▶ **ABOUT THIS EXERCISE**
In the records below, find the line with "line through the points (0, -15) and (6, 0)", then copy each line exactly until you have copied the line with "Cheyenne vs Immigrants". Leave any picture out.

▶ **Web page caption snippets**

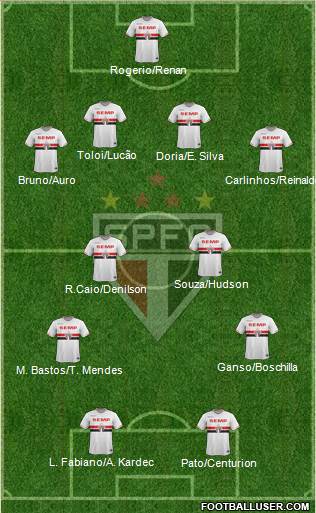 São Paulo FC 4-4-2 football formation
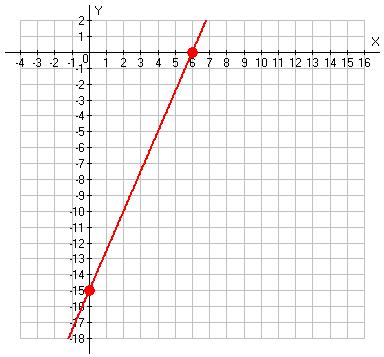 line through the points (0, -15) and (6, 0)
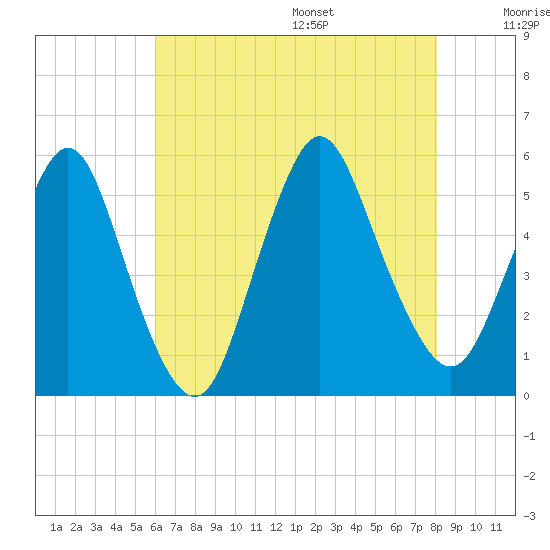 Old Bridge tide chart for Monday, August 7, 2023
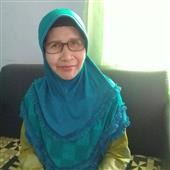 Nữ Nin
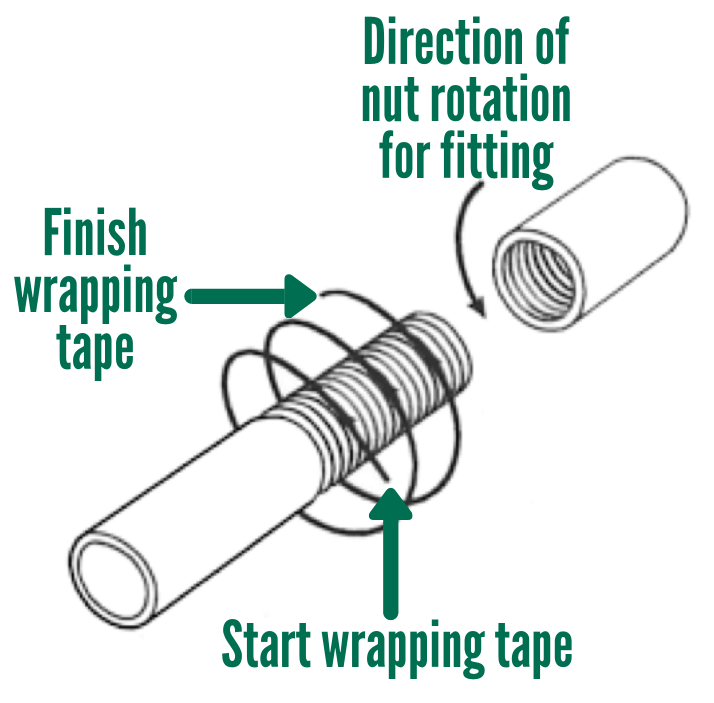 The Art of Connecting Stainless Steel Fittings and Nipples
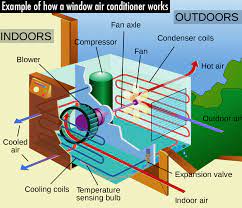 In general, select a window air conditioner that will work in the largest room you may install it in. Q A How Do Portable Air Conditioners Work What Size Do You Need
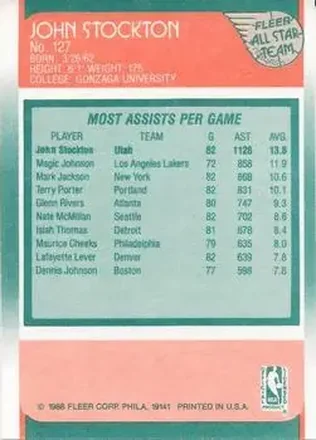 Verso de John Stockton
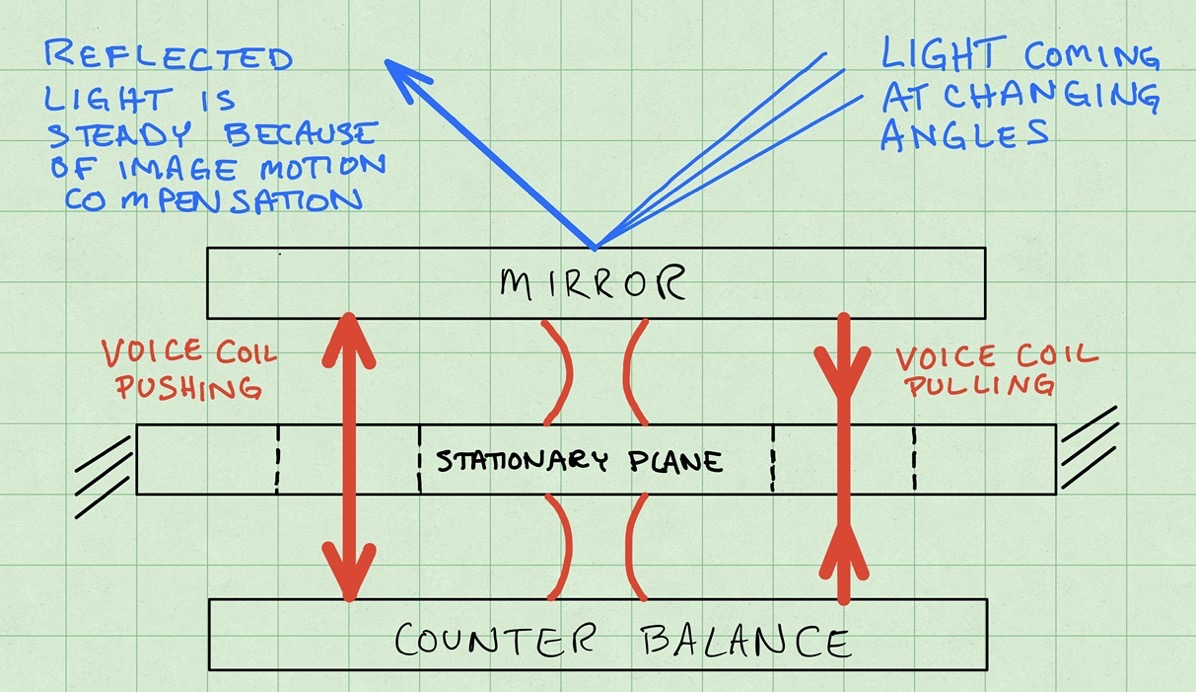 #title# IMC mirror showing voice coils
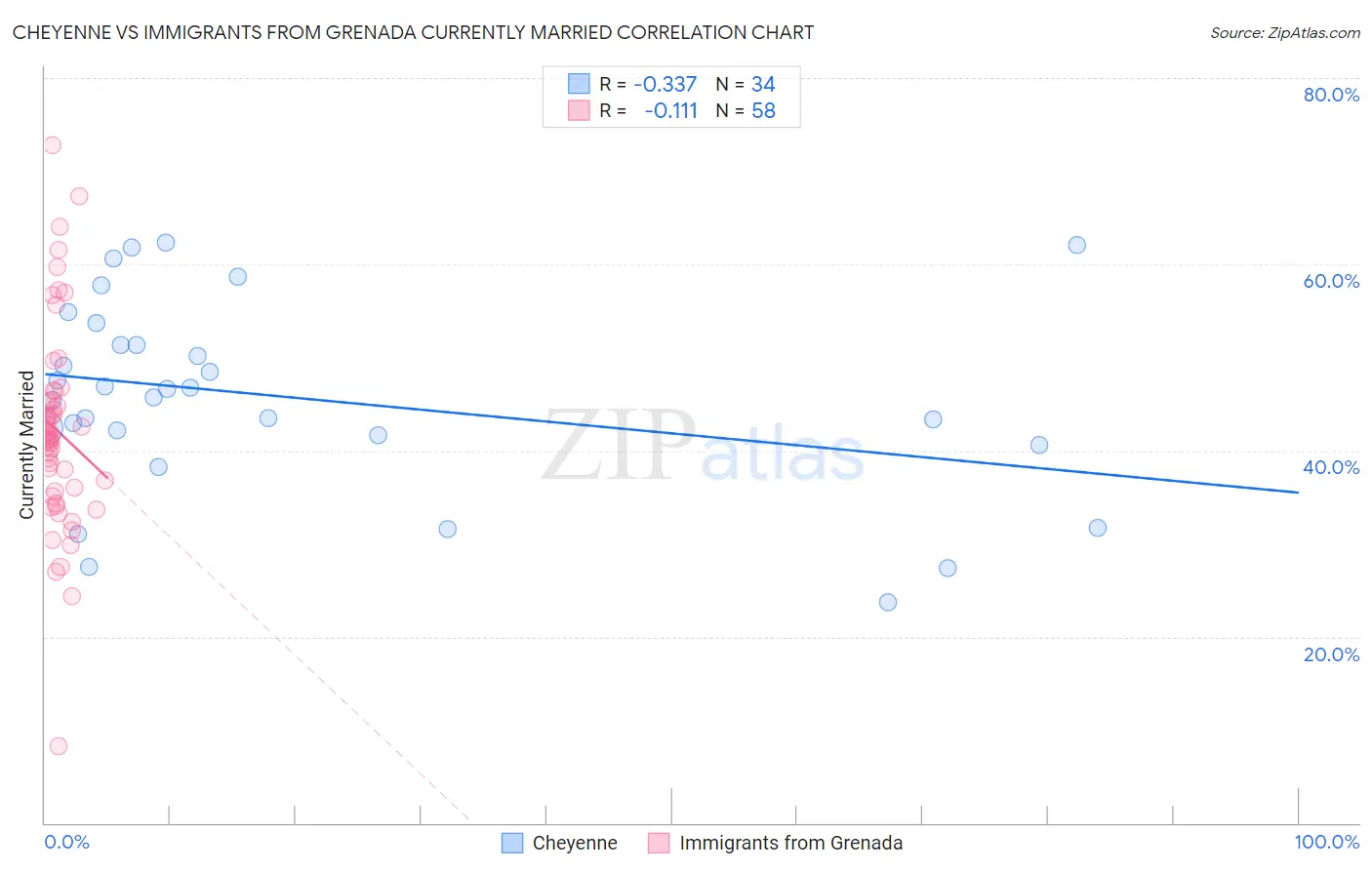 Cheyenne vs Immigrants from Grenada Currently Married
--
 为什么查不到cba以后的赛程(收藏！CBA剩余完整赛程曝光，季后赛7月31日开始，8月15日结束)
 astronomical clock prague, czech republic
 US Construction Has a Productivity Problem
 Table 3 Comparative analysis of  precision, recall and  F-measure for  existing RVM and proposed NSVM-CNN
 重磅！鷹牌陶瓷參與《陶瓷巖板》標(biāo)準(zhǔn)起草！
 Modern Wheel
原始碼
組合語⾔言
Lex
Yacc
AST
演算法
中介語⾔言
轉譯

▶ **EXERCISE SOLUTION**
 line through the points (0, -15) and (6, 0)
 Old Bridge tide chart for Monday, August 7, 2023
 Nữ Nin
 The Art of Connecting Stainless Steel Fittings and Nipples
 In general, select a window air conditioner that will work in the largest room you may install it in. Q A How Do Portable Air Conditioners Work What Size Do You Need
 Verso de John Stockton
 #title# IMC mirror showing voice coils
 Cheyenne vs Immigrants from Grenada Currently Married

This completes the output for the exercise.